Vegan Baking Butter

Smooth, creamy and utterly delicious, this easy two-step vegan almond butter works as an ideal base for plant-based baking, or for spreading (and melting) on toast. 

 

Prep: 2 mins Fridge: 3 hours  Serves: 35 tbsp

Butter is one of those core cooking ingredients that’s often deemed irreplaceable in the world of baking. How many times have you heard someone say, “there’s no replacement for real butter”?  We beg to differ. While solid fats are an essential binding agent in many baked goods (e.g. puff pastries, crusty pies and croissants), vegan alternatives exist that are better for you and the environment, including our Vegan Baking Butter. 

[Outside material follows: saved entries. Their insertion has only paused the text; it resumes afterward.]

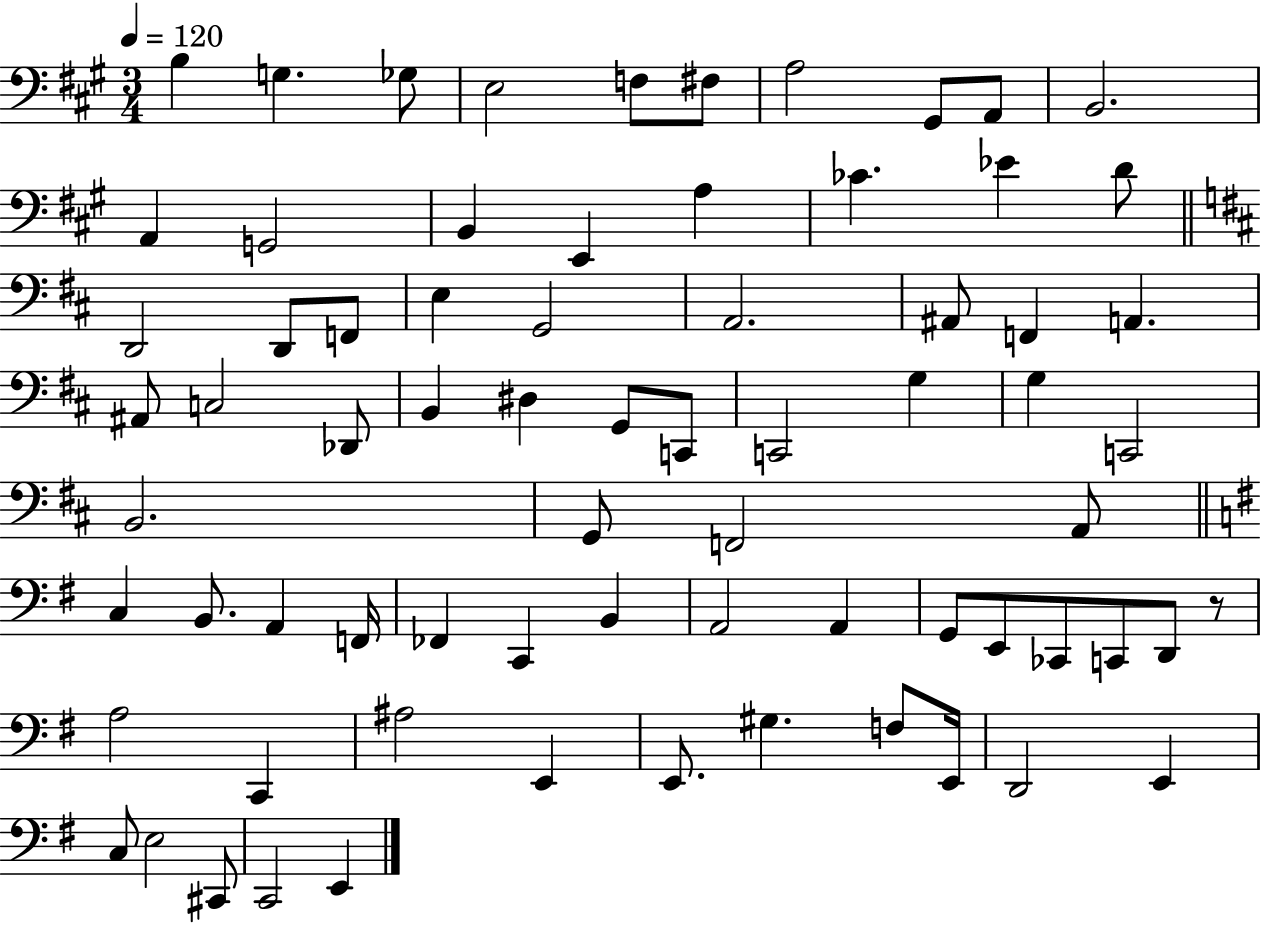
X:1
T:Untitled
M:3/4
L:1/4
K:A
B, G, _G,/2 E,2 F,/2 ^F,/2 A,2 ^G,,/2 A,,/2 B,,2 A,, G,,2 B,, E,, A, _C _E D/2 D,,2 D,,/2 F,,/2 E, G,,2 A,,2 ^A,,/2 F,, A,, ^A,,/2 C,2 _D,,/2 B,, ^D, G,,/2 C,,/2 C,,2 G, G, C,,2 B,,2 G,,/2 F,,2 A,,/2 C, B,,/2 A,, F,,/4 _F,, C,, B,, A,,2 A,, G,,/2 E,,/2 _C,,/2 C,,/2 D,,/2 z/2 A,2 C,, ^A,2 E,, E,,/2 ^G, F,/2 E,,/4 D,,2 E,, C,/2 E,2 ^C,,/2 C,,2 E,,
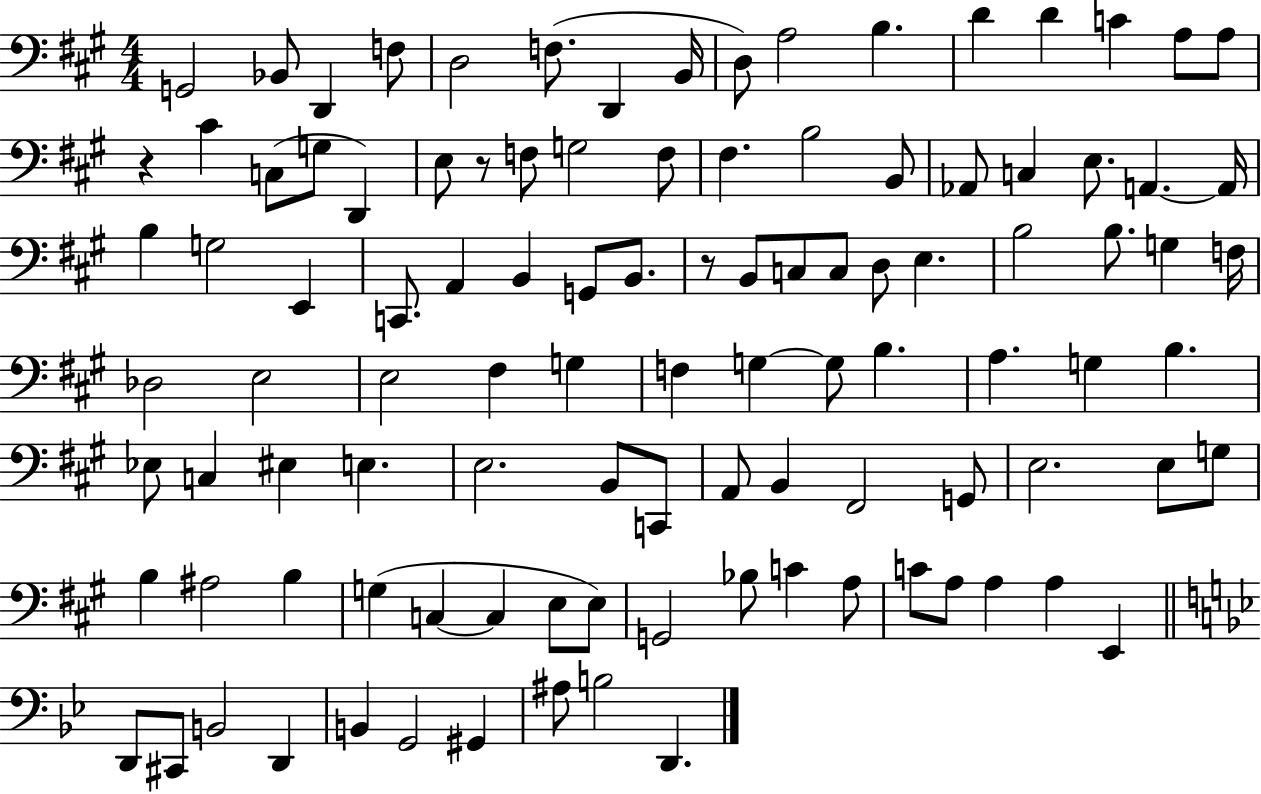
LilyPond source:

{
  \clef bass
  \numericTimeSignature
  \time 4/4
  \key a \major
  g,2 bes,8 d,4 f8 | d2 f8.( d,4 b,16 | d8) a2 b4. | d'4 d'4 c'4 a8 a8 | \break r4 cis'4 c8( g8 d,4) | e8 r8 f8 g2 f8 | fis4. b2 b,8 | aes,8 c4 e8. a,4.~~ a,16 | \break b4 g2 e,4 | c,8. a,4 b,4 g,8 b,8. | r8 b,8 c8 c8 d8 e4. | b2 b8. g4 f16 | \break des2 e2 | e2 fis4 g4 | f4 g4~~ g8 b4. | a4. g4 b4. | \break ees8 c4 eis4 e4. | e2. b,8 c,8 | a,8 b,4 fis,2 g,8 | e2. e8 g8 | \break b4 ais2 b4 | g4( c4~~ c4 e8 e8) | g,2 bes8 c'4 a8 | c'8 a8 a4 a4 e,4 | \break \bar "||" \break \key bes \major d,8 cis,8 b,2 d,4 | b,4 g,2 gis,4 | ais8 b2 d,4. | \bar "|."
}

It’s smooth, creamy and utterly delicious! Plus, it takes all of two minutes to make. You can enjoy it spread on toast or for sautéing your favourite veggies. But most importantly, it works wonders as a direct substitute for butter in a wide range of baked goods. And we’re not just making that up. It’s been put to the test by Michael James, the Tivoli Road Baker, chef and author famous among Melbournians for his much-loved baked creations. You know, the ones we all cross town for!

But why would you want to bake with almond butter over other plant-based fats, like margarine? It’s related to each oil’s smoke point—the temperature at which it starts to smoke and break down fats. When these fats break down, free radicals are released that can harm the body on a cellular level. Our vegan baking butter contains coconut oil and almond oil, which both have relatively high smoke points (232°C and 221 °C, respectively), which means they don’t release harmful chemicals during baking. Margarine, on the other hand, begins to smoke and turn rancid at around 150 °C.

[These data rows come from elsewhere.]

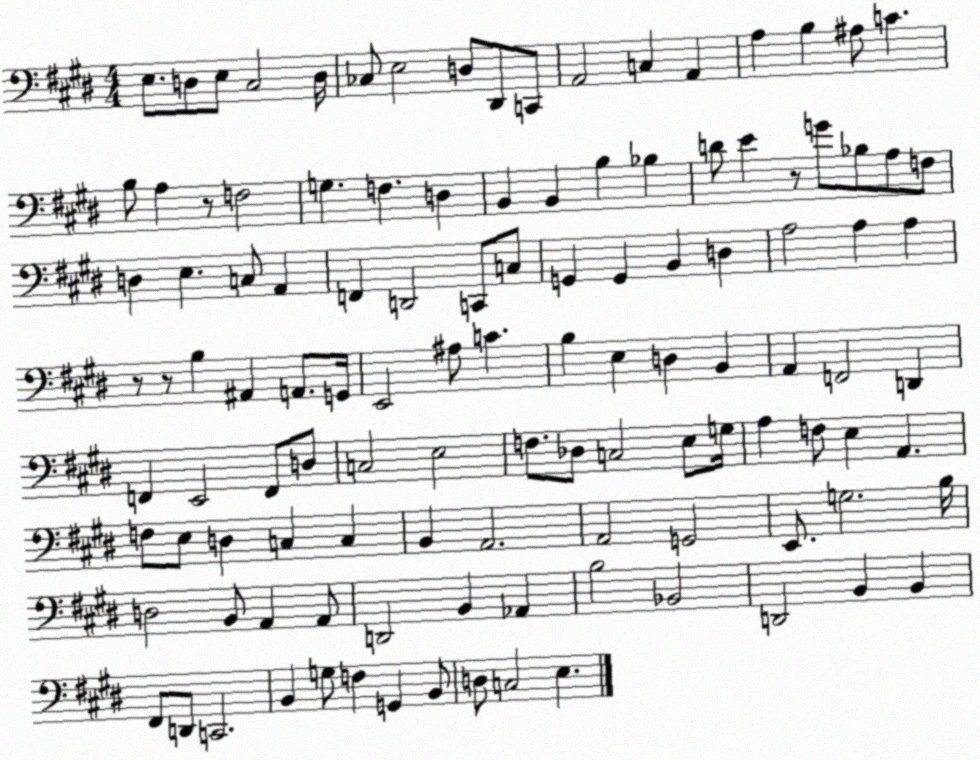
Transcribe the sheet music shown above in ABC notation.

X:1
T:Untitled
M:4/4
L:1/4
K:E
E,/2 D,/2 E,/2 ^C,2 D,/4 _C,/2 E,2 D,/2 ^D,,/2 C,,/2 A,,2 C, A,, A, B, ^A,/2 C B,/2 A, z/2 F,2 G, F, D, B,, B,, B, _B, D/2 E z/2 G/2 _B,/2 A,/2 F,/2 D, E, C,/2 A,, F,, D,,2 C,,/2 C,/2 G,, G,, B,, D, A,2 A, A, z/2 z/2 B, ^A,, A,,/2 G,,/4 E,,2 ^A,/2 C B, E, D, B,, A,, F,,2 D,, F,, E,,2 F,,/2 D,/2 C,2 E,2 F,/2 _D,/2 C,2 E,/2 G,/4 A, F,/2 E, A,, F,/2 E,/2 D, C, C, B,, A,,2 A,,2 G,,2 E,,/2 G,2 B,/4 D,2 B,,/2 A,, A,,/2 D,,2 B,, _A,, B,2 _B,,2 D,,2 B,, B,, ^F,,/2 D,,/2 C,,2 B,, G,/2 F, G,, B,,/2 D,/2 C,2 E,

What’s more, eating too much processed omega-6 rich vegetable oils, like sunflower oil and canola oil, can lead to an unhealthy balance of omega-3 to omega-6 fatty acids in your diet. Ideally, these essential fatty acids should be consumed in a 1:1 ratio. New research shows that too much omega-6, which is very common in a typical western diet, can promote systemic inflammation. Switching to omega-3 rich oils, like avocado oil and almond oil, can help to fight inflammation by bringing your body back into balance.

Ingredients

  • 1 cup (250ml) organic coconut oil, melted
  • 1 cup (250ml) Almo Crème

Method

  1. Using a 1:1 ratio, place coconut oil and Almo crème in a food processor and blend until smooth. Pour mixture into a butter dish and refrigerate until set (roughly 3 hours).
  2. Remove from the fridge to thaw for a few minutes before spreading on fresh bread or when creaming with sugar for baking. Keep for up to 8 weeks in your fridge.